-- Provided data follows --
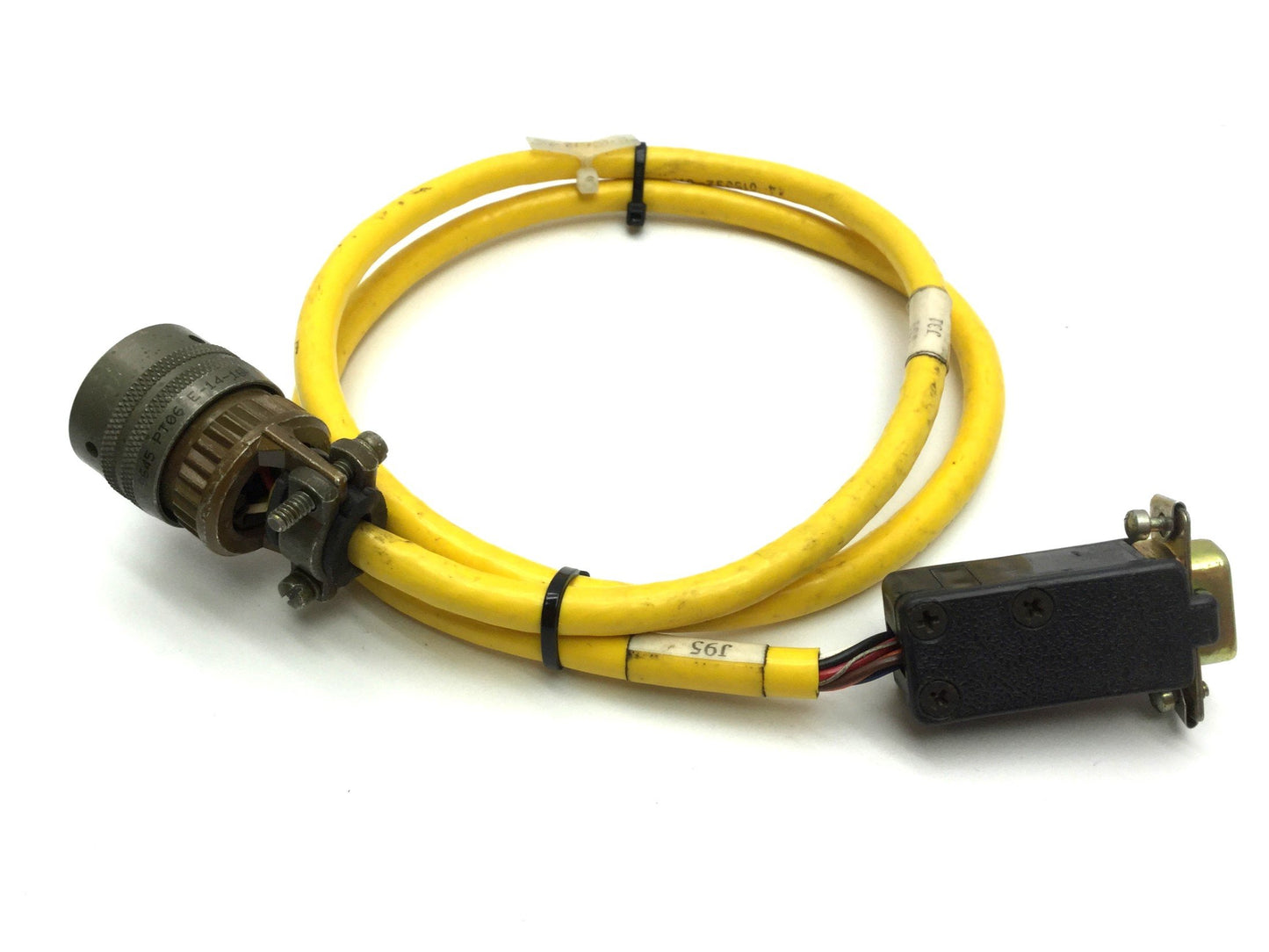 Used Parker 71-015018 Motor Feedback Cable, MS Round 18-Pin to DB9, 2.5' Long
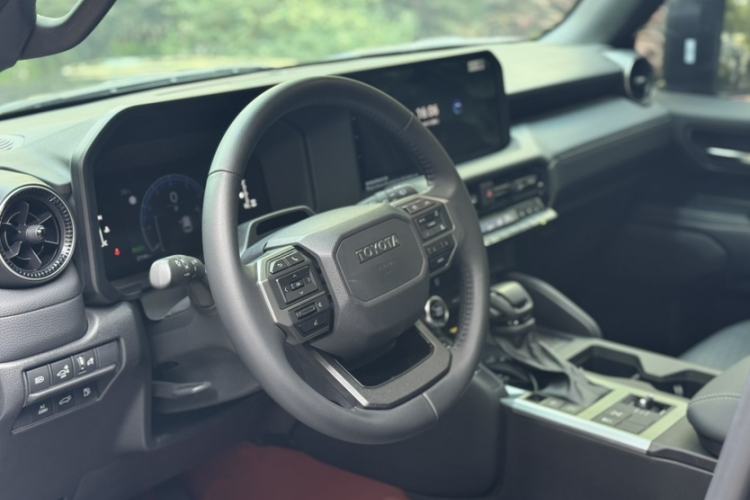 Used Toyota Prado 2025 2.4T All-Weather TX Version 5 Seats Interior 4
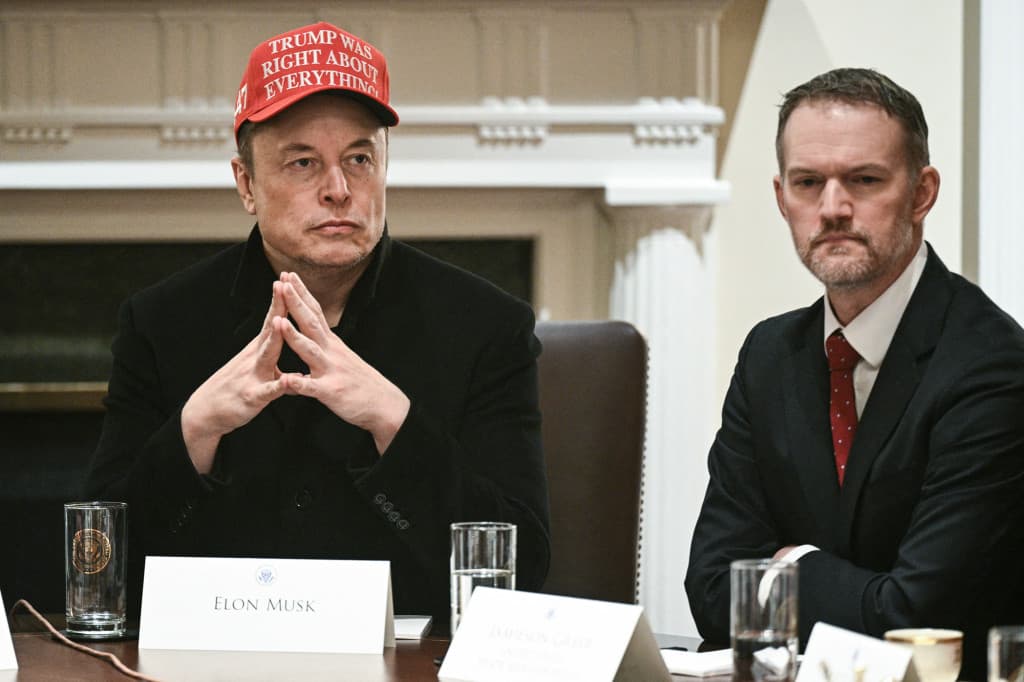 Elon Musk manifiesta su decepción con la propuesta fiscal de Trump argumentando que perjudica su función de asesor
-- Provided data concluded --
◆ Task prompt:
Copy the material exactly. Do not include the pictures.

◆ Solution for this exercise:
 Used Parker 71-015018 Motor Feedback Cable, MS Round 18-Pin to DB9, 2.5' Long
 Used Toyota Prado 2025 2.4T All-Weather TX Version 5 Seats Interior 4
 Elon Musk manifiesta su decepción con la propuesta fiscal de Trump argumentando que perjudica su función de asesor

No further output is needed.